---- Source information
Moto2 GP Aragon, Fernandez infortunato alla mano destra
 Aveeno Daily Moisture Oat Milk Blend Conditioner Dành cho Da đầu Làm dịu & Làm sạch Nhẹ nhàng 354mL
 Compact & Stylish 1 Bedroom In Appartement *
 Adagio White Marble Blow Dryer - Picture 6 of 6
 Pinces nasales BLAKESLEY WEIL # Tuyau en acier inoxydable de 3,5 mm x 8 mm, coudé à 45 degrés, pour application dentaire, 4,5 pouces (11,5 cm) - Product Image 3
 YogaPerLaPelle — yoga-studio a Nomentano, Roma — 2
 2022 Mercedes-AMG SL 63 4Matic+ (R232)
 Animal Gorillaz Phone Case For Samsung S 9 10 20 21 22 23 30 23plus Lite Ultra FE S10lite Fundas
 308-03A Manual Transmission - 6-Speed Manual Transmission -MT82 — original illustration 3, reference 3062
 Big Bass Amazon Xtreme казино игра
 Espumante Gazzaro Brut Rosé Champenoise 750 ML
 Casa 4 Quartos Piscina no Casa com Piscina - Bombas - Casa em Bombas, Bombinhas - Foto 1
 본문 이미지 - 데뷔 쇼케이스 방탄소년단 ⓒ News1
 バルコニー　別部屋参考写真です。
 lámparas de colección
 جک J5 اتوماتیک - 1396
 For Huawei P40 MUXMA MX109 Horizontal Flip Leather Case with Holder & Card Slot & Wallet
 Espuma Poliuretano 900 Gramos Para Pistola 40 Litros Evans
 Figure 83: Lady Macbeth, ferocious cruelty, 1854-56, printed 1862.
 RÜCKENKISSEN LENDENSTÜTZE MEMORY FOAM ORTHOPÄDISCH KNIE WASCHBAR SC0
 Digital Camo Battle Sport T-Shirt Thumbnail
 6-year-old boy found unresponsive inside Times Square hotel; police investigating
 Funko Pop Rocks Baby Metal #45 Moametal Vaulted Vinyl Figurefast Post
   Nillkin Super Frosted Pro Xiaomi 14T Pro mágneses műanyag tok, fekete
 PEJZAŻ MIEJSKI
--------
Goal of the exercise — Copy out every line of the data where the word "Case" occurs.

Answer for this exercise —
 Animal Gorillaz Phone Case For Samsung S 9 10 20 21 22 23 30 23plus Lite Ultra FE S10lite Fundas
 For Huawei P40 MUXMA MX109 Horizontal Flip Leather Case with Holder & Card Slot & Wallet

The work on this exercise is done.